In Zambia’s Southern Province lies Kalomo district, home to more than 160,000 people. Sitting between a forest reserve and one of the biggest national parks in Africa, Kalomo plays a significant role in biodiversity conservation and local livelihoods. It is no surprise, therefore, that Kalomo has various stakeholders with different, and sometimes competing, interests.
“Crop farmers and livestock owners have one set of concerns; meanwhile, some communities, searching for productive land, are moving from the margins of the forest reserve to settle inside its boundaries,” says Freddie Siangulube, a forestry officer at the Ministry of Lands and Natural Resources and a Ph.D. candidate at the Amsterdam Institute For Social Science Research.
The result, some experts say, has been high levels of deforestation, silting of rivers, insufficient pasture for grazing, as well as other types of conflicts.

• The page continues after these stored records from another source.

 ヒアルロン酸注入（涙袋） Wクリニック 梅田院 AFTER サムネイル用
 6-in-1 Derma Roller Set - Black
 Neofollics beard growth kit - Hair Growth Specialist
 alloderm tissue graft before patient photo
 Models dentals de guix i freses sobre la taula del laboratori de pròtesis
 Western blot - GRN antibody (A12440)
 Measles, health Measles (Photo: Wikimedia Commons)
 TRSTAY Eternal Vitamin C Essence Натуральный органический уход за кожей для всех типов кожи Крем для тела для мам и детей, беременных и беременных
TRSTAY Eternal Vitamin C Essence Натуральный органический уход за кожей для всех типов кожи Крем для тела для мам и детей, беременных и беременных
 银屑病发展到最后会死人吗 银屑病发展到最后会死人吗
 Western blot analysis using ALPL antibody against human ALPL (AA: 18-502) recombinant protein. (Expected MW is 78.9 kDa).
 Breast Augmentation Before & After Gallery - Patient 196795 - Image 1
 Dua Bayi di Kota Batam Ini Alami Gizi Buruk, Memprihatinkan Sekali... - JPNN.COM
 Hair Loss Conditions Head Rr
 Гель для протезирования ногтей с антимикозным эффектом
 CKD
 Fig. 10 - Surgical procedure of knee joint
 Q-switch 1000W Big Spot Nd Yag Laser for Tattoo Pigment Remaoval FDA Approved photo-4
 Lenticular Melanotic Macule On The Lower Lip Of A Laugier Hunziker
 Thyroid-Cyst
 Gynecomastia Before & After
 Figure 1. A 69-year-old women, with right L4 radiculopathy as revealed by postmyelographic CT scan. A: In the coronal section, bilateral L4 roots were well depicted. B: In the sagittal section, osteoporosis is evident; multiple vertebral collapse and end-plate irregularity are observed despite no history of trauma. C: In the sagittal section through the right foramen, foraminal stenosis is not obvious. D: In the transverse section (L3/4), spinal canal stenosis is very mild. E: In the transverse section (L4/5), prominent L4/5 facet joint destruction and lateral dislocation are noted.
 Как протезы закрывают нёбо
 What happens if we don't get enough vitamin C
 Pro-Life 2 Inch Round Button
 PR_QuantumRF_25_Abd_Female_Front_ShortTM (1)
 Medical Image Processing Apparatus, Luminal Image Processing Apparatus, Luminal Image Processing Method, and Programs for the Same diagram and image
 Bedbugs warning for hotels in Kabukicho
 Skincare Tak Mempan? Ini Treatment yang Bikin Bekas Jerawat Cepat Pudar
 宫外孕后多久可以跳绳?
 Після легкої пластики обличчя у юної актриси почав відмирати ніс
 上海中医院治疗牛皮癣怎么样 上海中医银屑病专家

This is where COLANDS – which stands for Collaborating to Operationalise Landscape Approaches for Nature, Development and Sustainability – comes in: where scientists, alongside various stakeholders, learn how to apply tools to better govern the landscape, resolve often-bitter land-use disagreements, and support sustainable resource use as well as fulfill environmental and biodiversity goals.
The podcast episode features three representatives of the next-generation of scientists, Ph.D. students all working within the COLANDS team: Freddie Siangulube, Alida O’Connor and Malaika Yanou. They share their experiences in an effort to bring together various actors in Zambia and other project sites in search of a better balance between development and nature conservation.
COLANDS aims to connect various stakeholders with different interests to achieve shared goals. A five-year program in Ghana, Zambia and Indonesia, it attempts to understand how landscape approaches can contribute to resolving competing land-use challenges in order to reconcile livelihood, environmental and biodiversity goals.